Figure 4. Input buffer circuit.


The 24-bit codec is the bridge between the digital and analog worlds. The AKM AK4556 was chosen mainly due to the 20-pin TSSOP package being fairly easy to prototype. The circuit is relatively simple and only requires a few external passives according to the manufacturer’s reference.

Note that this codec is single ended and requires a DC offset. The arpeggiation system is set up to receive signed inputs which would need to be adjusted for the final implementation.

This application assumes the codec to be an I2S slave where BCLK and LRCK are inputs provided by the Zynq. MCLK, the codec’s system clock, always needs to be provided. The following settings are assumed:

  • fs = 44.1 kHz
  • MCLK = 512fs = 22.5792 MHz
  • BCLK = 64fs = 2.8224 MHz

Figure 5. Codec circuit.

Output Mixer

On the other side, the synthesized signal and the dry signal need to be combined before finally being sent out of the pedal. Each signal has it’s own level pot to adjust the mix before the two are added with a simple summing op amp.

Figure 6. Output mixer circuit.


Full project directory including source code, test benches, sample data, and a wav audio sample. Some file paths may need to be modified (particularly in the HLS test benched), but all the required files should be present.

Pedal Project Source


Arpeggiation is a computationally complex algorithm and works well with an FPGA platform. Unrolling operations into parallel paths wherever possible creates a large savings in latency when compared to a traditional processor implementation. Splitting the data stream into parallel paths for the envelope detection and arpeggiation function is also much more efficient than doing it all sequentially. Even with limited FPGA area, the entire computation can be executed in a relatively short amount of time. With increased area, the latency could be reduced even further.

As a consequence of the complexity, simulating the design takes a very long time. This makes it hard to perform an exhaustive test of the system without waiting for hours or days at a time. The most I was able to simulate in a reasonable amount of time was about 1 second worth of data. Due to this, there may be bugs where the process doesn’t behave as expected that weren’t caught in the simulation.

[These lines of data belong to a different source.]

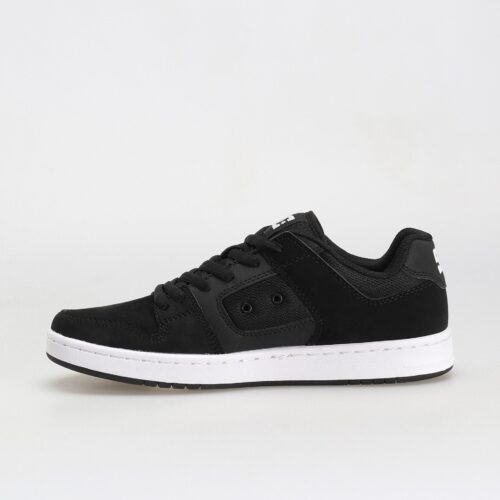 Zapatillas DC Shoes Manteca 4
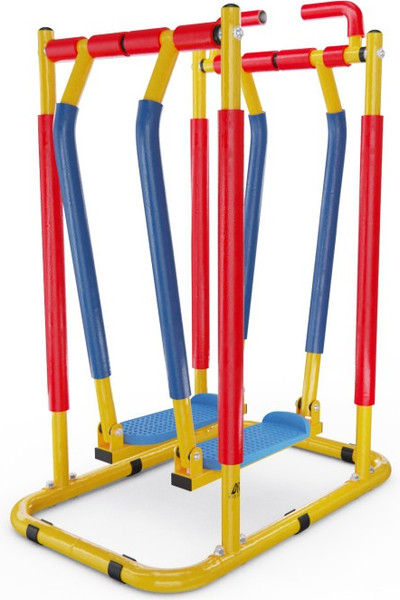 Изображение товара Тренажер-ходики детский DFC Бегущий по волнам VT-03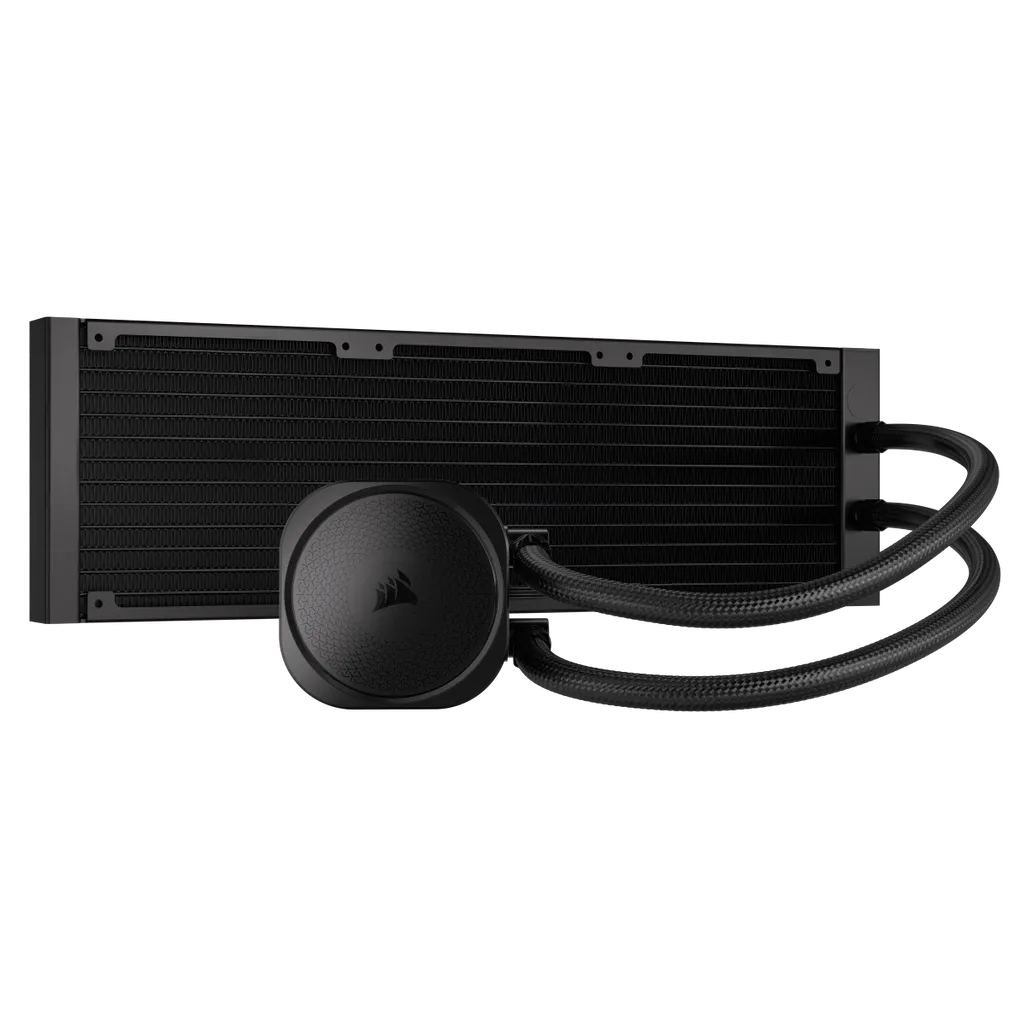 Corsair NAUTILUS 360 RS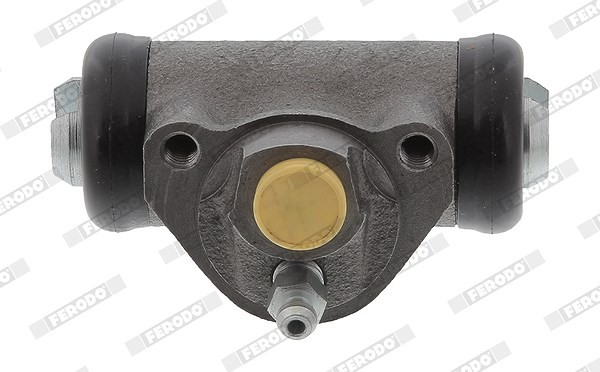Ferodo Radbremszylinder Hinterachse FüR Lada-image
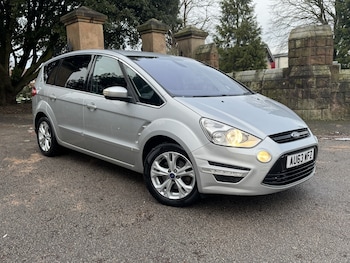 2013 - 2.0 TDCi 163 Titanium 5dr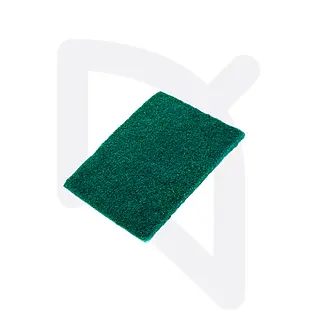 Esponja Sabra Abrasiva Und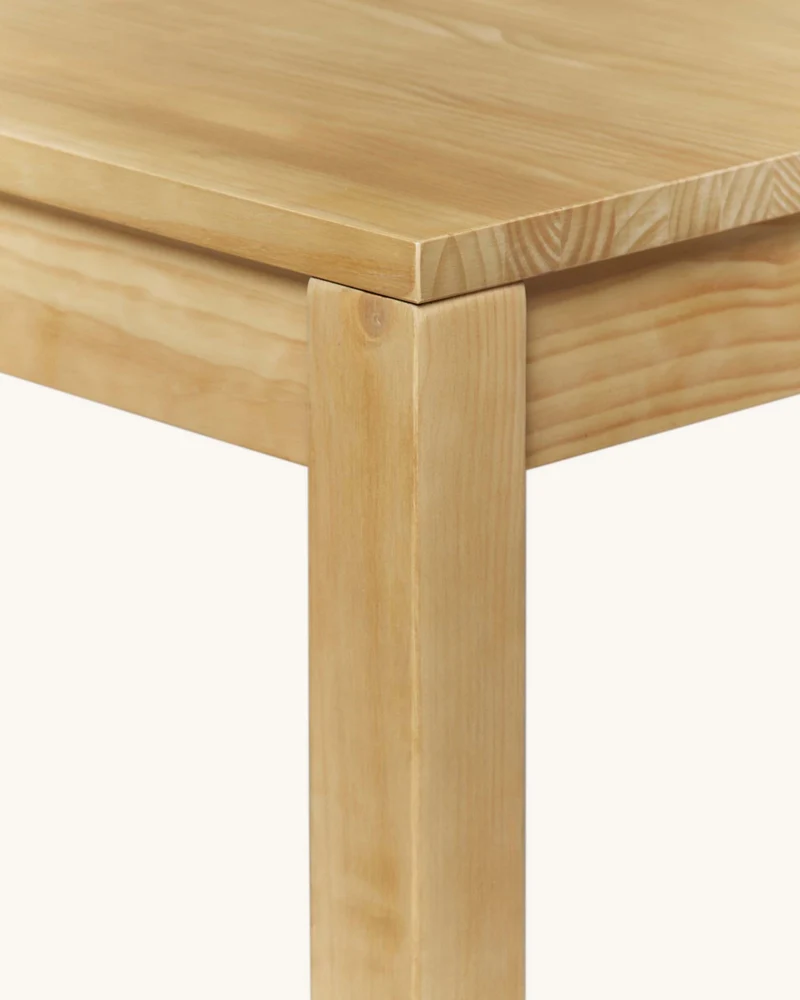 Mesa de comedor Noley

Timing constraints have also not yet been finalized for the design so there may be errors during the implementation stage.

There are likely a number of other improvements that could be made to this design. Firstly, being able to reduce the number of samples required for pitch detection would greatly reduce the latency. The envelope detection stage is also a bit rudimentary and the gain could be adjusted to better follow the input. Eventually, a tap tempo option would be ideal for controlling the timing of the sequence.

In the end, this project creates a solid foundation for other audio processing endeavors for the future. The I2S interface can be used to interface with virtually any codec and the Xilinx DDS and CIC compilers can be useful for any number of modulation type effects.